Swami Swatmarama says that merely learning to sit and control the breath is sufficient to the establishment of Yoga, for within that simple act is the knowledge required to master ourselves and eat healthy and moderate food. The practice of Pranayama, this purification, will naturally result. The Buddha Gotama asked, who, upon passing by a mirror and seeing their face covered in filth, will not try to clean it? Or noticing a stain in their clothing will not wash their clothes?
The Yogi in Pranayama clings to life; they are not ready to die, for they clearly see their work. They will cling to each breath. Indeed, the sensation of redeath and rebirth is such that a breath is naturally inhaled, almost spasmodically. Like being doused in cold water and quickly waking up from a dream! How then the Yogi succeed in their goal, when desiring and attached to life? By purifying themselves, they will unattach, and uncling; the breath becomes more regular. They learn to live - and die - in continence, one breath at a time.
Do you have the strength to await death like a temp worker or day-worker waiting for their wage at the end of the day? To quit when their boss tells them to go home, or remain at work as long as required?
Once regularity in breath is gained, the Yogi begins to control the manner of their breath: breathing first through one side of their nose, than the other; exhaling through alternate nostrils - quite as easily as most of us would eat on one side of the mouth or another. Invigorated, they practice morning, noon, evening, and midnight; four times a day, they practice and rest. Like breathing in and out.
Then, the Yogi begins to flex their strength: their practice becomes constant. Day and night, driven by self-improvement, and without exhaustion or weariness, motivated by love and compassion, they perform the duty of their birth within their Ashrama. They do not suffer from disease, nor do they suffer from discomfort of any kind. They are not motivated by pleasure or praise. They desire only success!
Their duties become more secretive, more anonymous, as they become more natural; praise and pleasure are avoided as much as pain and punishment are not avoided; the action of life becomes as selfless as any act of Yoga!

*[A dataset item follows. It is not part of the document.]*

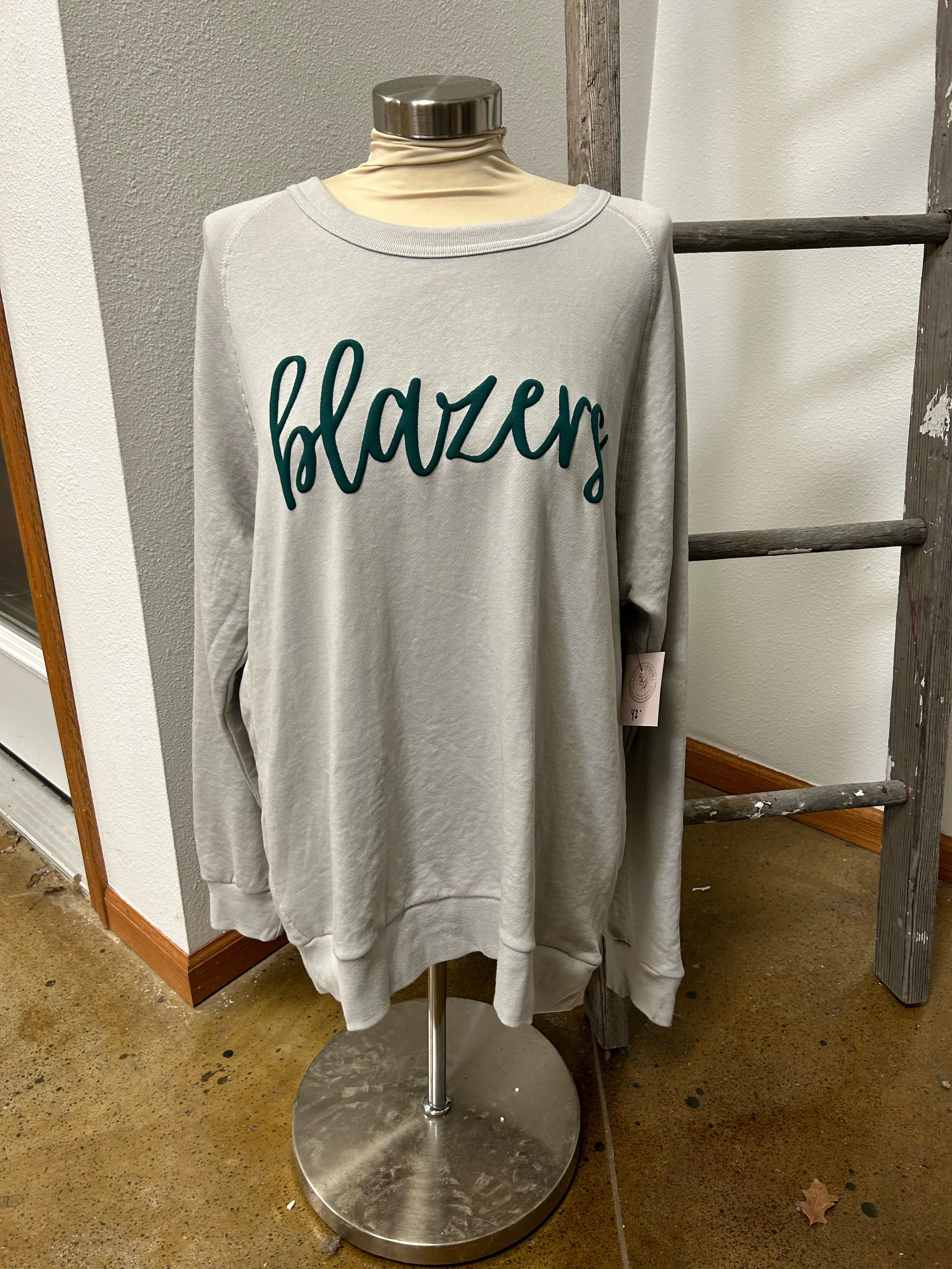 Silver Blazers Cursive Crewneck | Cottonwood Custom Tees & Designs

The duties of a Yogi are merely purification (Dhauti), digestion (Basti), discerning truth through logic (Neti), awareness or perception (Trataka), flexing or exertion every moment of body and heart and mind (Nauti) and passive or non-action (Kapala Bhati). In the four Ashramas, these duties are undertaken in different ways. While some Yogis will actually physically cleanse their nostrils and even their bowels, this is not the appropriate practice for all Ashramas, where discerning truth through logic and expelling what is foul might be best accomplished in matters of business and trade, or in the protection of a community through the establishment of justice.